**WORK TASK**
Look through the lines below for the word "Poză", and copy every line that has it.

_____

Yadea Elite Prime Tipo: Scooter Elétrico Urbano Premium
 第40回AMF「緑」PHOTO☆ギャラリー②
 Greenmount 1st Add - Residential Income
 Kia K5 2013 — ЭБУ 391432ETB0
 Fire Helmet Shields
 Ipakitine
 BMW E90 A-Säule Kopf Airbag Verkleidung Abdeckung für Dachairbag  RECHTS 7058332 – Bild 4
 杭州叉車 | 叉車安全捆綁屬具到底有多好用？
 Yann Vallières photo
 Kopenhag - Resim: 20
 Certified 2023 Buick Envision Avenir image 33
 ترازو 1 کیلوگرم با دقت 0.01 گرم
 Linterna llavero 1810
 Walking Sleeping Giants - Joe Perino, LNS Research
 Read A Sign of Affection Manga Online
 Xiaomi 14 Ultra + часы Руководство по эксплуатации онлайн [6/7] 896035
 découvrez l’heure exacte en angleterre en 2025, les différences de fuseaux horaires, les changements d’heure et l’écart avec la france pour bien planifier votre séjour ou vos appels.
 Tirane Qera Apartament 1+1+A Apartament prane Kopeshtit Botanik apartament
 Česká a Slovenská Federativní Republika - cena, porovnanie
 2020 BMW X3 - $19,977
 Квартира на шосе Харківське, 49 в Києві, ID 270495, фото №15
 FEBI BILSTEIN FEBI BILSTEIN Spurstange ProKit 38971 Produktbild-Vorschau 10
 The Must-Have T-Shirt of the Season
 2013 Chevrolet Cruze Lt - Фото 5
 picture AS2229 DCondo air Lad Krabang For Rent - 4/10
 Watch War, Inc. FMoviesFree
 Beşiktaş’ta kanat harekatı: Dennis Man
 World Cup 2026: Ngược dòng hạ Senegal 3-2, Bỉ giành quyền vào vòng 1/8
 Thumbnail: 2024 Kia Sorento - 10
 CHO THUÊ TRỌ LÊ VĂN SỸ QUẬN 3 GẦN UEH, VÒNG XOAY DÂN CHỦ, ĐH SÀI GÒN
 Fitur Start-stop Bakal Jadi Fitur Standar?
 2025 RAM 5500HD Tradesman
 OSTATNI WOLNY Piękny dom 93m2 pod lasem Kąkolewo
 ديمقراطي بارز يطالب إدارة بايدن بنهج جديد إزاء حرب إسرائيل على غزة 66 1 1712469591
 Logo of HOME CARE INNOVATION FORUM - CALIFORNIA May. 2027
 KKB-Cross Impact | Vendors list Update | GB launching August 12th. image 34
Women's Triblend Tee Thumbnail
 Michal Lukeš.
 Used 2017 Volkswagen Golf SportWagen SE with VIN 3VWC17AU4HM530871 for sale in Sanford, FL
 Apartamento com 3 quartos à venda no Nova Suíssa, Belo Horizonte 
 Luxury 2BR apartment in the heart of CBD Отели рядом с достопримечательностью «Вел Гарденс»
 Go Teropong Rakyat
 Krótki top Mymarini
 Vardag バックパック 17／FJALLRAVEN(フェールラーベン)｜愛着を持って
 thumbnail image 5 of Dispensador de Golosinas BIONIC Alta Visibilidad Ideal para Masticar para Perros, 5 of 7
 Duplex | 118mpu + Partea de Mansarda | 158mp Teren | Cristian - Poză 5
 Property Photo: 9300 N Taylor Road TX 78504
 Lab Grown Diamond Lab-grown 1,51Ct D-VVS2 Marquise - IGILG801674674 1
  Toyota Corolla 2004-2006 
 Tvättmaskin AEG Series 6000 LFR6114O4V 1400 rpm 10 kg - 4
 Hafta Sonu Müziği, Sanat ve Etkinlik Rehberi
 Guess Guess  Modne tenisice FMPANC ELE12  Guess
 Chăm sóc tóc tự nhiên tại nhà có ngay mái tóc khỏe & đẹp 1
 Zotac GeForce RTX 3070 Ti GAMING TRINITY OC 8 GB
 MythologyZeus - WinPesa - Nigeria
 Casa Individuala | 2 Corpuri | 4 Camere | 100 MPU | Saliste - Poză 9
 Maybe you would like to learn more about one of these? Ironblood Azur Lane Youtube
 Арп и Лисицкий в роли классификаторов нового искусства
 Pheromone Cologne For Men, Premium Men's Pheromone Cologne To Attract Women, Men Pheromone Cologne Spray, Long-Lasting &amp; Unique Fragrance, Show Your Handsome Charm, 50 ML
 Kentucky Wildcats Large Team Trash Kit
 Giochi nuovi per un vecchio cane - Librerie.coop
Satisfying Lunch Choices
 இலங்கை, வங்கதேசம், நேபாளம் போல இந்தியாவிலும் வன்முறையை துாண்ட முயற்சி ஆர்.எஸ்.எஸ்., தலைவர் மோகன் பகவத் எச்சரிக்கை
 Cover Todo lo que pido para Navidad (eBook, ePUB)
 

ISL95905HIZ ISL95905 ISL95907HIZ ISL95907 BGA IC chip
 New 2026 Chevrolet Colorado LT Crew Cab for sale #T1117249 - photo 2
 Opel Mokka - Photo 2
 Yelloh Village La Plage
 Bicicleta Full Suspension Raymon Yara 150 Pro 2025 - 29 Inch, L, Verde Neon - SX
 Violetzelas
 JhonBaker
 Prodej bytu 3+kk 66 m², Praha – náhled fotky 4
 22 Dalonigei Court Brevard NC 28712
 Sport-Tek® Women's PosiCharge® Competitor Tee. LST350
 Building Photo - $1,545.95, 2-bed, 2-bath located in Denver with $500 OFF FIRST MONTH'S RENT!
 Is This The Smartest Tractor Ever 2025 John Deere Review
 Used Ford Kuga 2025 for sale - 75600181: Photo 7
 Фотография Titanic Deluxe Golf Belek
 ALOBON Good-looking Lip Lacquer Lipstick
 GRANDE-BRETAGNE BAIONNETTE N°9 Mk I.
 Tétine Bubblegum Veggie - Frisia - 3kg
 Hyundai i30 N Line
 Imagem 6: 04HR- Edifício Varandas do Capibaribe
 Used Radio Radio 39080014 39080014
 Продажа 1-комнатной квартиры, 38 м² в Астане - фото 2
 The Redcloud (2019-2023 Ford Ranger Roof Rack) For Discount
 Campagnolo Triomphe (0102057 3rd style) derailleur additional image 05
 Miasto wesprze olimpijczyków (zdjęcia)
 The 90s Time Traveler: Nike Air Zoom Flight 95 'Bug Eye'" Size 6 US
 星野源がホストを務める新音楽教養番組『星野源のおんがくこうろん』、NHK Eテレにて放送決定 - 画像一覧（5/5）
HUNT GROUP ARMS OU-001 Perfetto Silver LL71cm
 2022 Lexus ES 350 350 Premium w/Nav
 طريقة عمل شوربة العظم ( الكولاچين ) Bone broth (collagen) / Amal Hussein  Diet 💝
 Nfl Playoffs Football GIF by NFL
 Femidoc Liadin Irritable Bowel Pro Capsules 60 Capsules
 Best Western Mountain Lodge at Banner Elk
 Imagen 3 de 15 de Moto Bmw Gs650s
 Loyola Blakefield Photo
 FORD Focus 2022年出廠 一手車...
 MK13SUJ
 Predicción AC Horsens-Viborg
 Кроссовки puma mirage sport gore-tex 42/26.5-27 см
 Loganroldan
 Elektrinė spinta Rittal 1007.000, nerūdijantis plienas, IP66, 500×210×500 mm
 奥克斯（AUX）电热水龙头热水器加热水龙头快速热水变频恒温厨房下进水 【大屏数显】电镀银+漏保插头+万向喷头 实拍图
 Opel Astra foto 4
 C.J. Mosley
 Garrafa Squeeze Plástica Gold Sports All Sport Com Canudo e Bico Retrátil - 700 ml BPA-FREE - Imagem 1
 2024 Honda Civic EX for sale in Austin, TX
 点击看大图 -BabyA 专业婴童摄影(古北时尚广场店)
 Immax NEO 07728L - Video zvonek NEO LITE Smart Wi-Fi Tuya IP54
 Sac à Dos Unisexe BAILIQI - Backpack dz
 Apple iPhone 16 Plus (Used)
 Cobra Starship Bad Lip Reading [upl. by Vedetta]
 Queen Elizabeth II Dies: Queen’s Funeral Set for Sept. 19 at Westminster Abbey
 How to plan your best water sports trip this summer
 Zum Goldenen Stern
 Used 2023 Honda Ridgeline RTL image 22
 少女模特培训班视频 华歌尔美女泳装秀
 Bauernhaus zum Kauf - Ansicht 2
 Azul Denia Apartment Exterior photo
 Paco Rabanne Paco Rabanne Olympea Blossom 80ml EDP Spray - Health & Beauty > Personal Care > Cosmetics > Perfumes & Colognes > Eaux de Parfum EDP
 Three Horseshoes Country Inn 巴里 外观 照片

_____

**ANSWER TO THIS TASK**
 Duplex | 118mpu + Partea de Mansarda | 158mp Teren | Cristian - Poză 5
 Casa Individuala | 2 Corpuri | 4 Camere | 100 MPU | Saliste - Poză 9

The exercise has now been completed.